For more information about the date formats supported by Databricks, see Databricks datetime formats.

•When you connect to Databricks endpoints hosted on Google Cloud Platform, you cannot use the AI functions.
•When you use the LEAD() or LAG() function and the default value that the expression returns is of Boolean data type, specify the function in the following format:

LEAD(flag,3,BOOLEAN(TRUE)) or LAG(flag,3,BOOLEAN(TRUE))

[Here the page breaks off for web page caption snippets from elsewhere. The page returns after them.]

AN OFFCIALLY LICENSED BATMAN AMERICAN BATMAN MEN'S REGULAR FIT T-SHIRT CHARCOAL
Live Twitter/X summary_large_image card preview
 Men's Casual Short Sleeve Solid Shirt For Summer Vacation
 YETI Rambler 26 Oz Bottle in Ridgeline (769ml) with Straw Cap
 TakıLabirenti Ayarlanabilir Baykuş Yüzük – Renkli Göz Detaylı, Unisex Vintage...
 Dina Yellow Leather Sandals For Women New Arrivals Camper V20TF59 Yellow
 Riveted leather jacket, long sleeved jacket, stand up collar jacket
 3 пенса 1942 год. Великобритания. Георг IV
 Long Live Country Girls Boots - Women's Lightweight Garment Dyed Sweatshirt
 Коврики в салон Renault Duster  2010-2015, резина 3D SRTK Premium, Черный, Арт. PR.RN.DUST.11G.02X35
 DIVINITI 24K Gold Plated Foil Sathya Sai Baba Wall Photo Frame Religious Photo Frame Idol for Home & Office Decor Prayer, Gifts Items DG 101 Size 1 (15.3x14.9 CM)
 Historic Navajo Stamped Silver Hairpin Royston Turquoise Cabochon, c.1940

•Do not use keywords or function names as column names or output port names.
•When you configure a Filter transformation and specify a simple filter condition on columns of date or timestamp in a Databricks table, you must pass the data through the TO_DATE() or TO_TIMESTAMP() function as an expression in the filter condition.
•You cannot use nested aggregate functions in an Aggregator transformation. For example, you cannot specify SUM(AVG(col1)) in the aggregate function. Use nested aggregations by adding multiple Aggregator transformations in the mapping.
•When you use the COUNT_MIN_SKETCH() function in an Aggregator or Expression transformation, ensure that the columns that you pass as epsilon and confidence arguments are of double data type.

If the fields are not of double data type, use an Expression transformation to first convert the column data type to double, and then use the returned columns in a downstream Aggregator or Expression transformation.